I’ve never been a big truck person, but have always been intrigued by the mini trucks that were popular in the ’70s and ’80s. My first choice would have been a Datsun purely for style considerations, but no dirt cheap runners were available to buy on short notice, so I began a search for my second choice, the Mazda B-series. I managed to locate a good runner with higher kms on it for $400. For this sort of price, there would obviously be compromises. The looks were probably the most obvious, with rust spots on the body, mild front end accident damage, a windshield full of cracks and neglected looking wheels being the most visible imperfections. The second most notable compromise was not seen but hear; the exhaust had partially rotted away in front of the muffler making anything over idle a little (very) noisy. On the plus side, the clutch was brand new.
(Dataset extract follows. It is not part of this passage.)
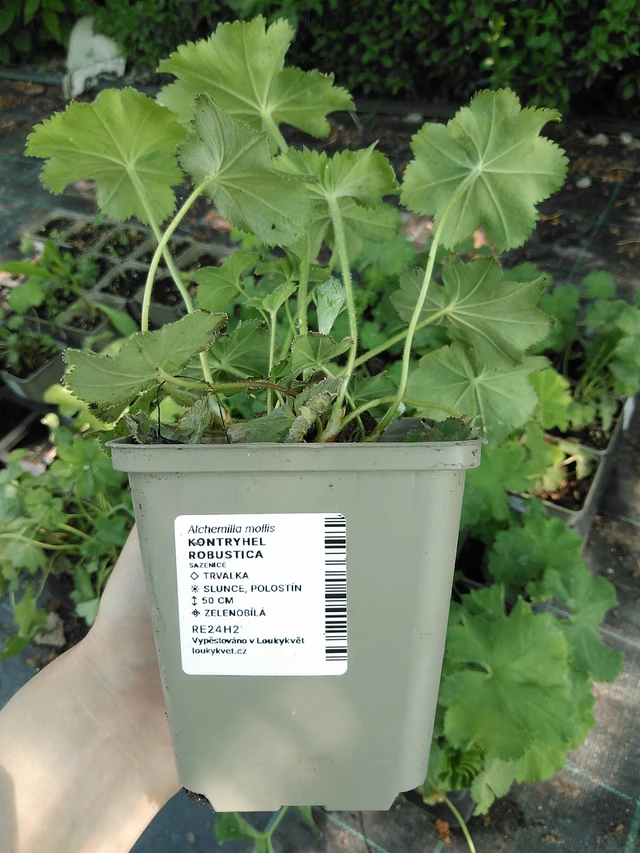 Alchemilla Robustica - 13. 5. 2025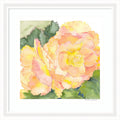 Framed Art Orange Pink Abstract Begonia by Patricia Shaw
While not blessed with an overabundance of power, the FE-series 2.0L straight four engine ran like a top. You can just see a hint of it under the giant air cleaner housing and all the computer-controlled carburetor-related hoses. A single overhead cam design, the engine was perfectly square with an 86 millimeter bore and stroke. Output was rated at only 86 horsepower which was fully usable with the slick five-speed manual, which shared its guts with the Rx-7 sports car, making it uncommonly smooth shifting for a truck.
The interior was actually in quite good condition, if a little dusty. A quick wipe down with a wet cloth had it looking quite presentable and I actually enjoyed using this little truck as my commuter vehicle for just over a month.
Since the Toyota 4AGE engine I’d arranged to have shipped from Florida to Montana did not have a gearbox included with it, I needed to find a Toyota T50 manual transmission. These gearboxes were only (for North America) found in the now iconic rear-wheel-drive Corolla GTS and I had to travel in order to secure a reasonably priced one. It came attached to a 4AGE parts motor, so I knew I’d have all the needed bolts and fittings. While cheap, the snag was that I would have to travel to Saskatoon, Saskatchewan–just over 600kms (372 miles) away–to pick it up. The trip out there was uneventful, but I didn’t arrive until late in the evening. Not being familiar with the town, I took along my wife’s uncle who was a local. We met the seller in a parking lot and manhandled the engine from his truck to mine well after the sun had gone down. The drive back the next day was a little more exciting, with temperatures dropping to -30C /-22F along while a massive snow storm blew in. All sorts of vehicles had skidded into the ditch along the highway, but somehow my cheap little Mazda made in back in one piece.
I took a trip of similar distance in much better weather to Montana to pick up the good engine two weeks later, which proved uneventful. I was really enjoying the dependability of the little Mazda and briefly flirted with the idea of fixing the muffler and windshield and keeping it for myself, but eventually decided that I couldn’t justify the cost of an additional vehicle. The insurance company was starting to nag me as I had not yet completed the mandatory insurance safety inspection. In its then-current state, the truck would not have passed, so I ended up selling the truck to a coworker for the same $400 I’d bought it for. He put a modest amount of work into it and was still driving it years later when I lost contact with him, making the Mazda a great little short-term hauler indeed!